Gin Rummy: I always say the absence of evidence is not the evidence of absence.
Riley: What?
Gin Rummy: Simply because you don’t have evidence that something does exist does not mean you have evidence of something that doesn’t exist.
Riley: What?
Gin Rummy: What country are you from?
Riley: What?
Gin Rummy: ‘What’ ain’t no country I ever heard of! They speak English in ‘What’?
Riley: What?
Gin Rummy: English, motherf*****! Do you speak it?
Riley: Yeah.
Gin Rummy: So you understand the words I’m saying to you!
Riley: Yeah.
Gin Rummy: Well, what I’m saying is that there are known knowns and that there are known unknowns. But there are also unknown unknowns; things we don’t know that we don’t know.
Riley: What?
Gin Rummy: Say what again! Say what again! I dare you! I double dare you, motherf*****! Say what one more time!

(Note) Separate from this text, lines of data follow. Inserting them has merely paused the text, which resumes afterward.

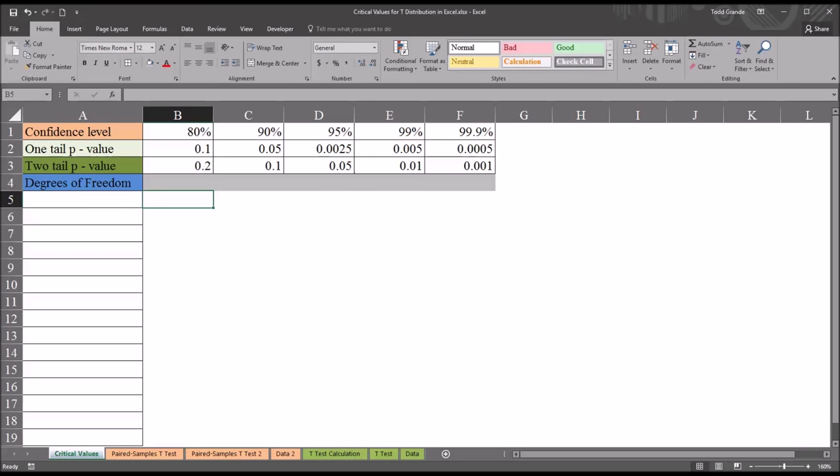Hello, this is Dr. Grande. Welcome to my video on calculating a critical value chart for the t-distribution using Microsoft Excel.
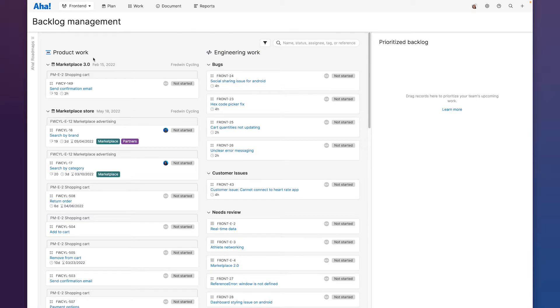And you'll notice that we have this product work column here on the left. This is here because we're using AHA develop with AHA roadmaps. So let me quickly explain how the tools work together.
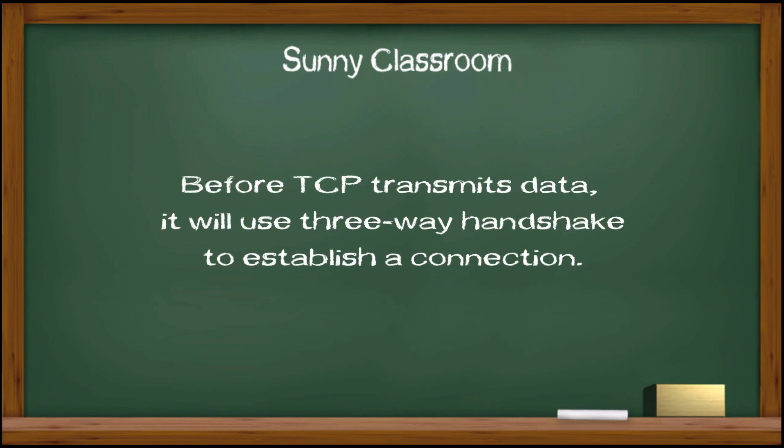Before TCP transmits data, it will use a 3-way handshake to establish a connection.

The Boondocks – A Date With The Health Inspector

We’re a couple of weeks into the site being up, and I’m more or less pleased with how it’s coming along. There are several Badass Links posted, full of trivial entertainment and articles detailing both hope for the future and the hopelessness of the future. I finally got the advertising up and looking not-so-horrible, and the Amazon store is up and ready, full of books I heartily recommend. Good food for the neocortex.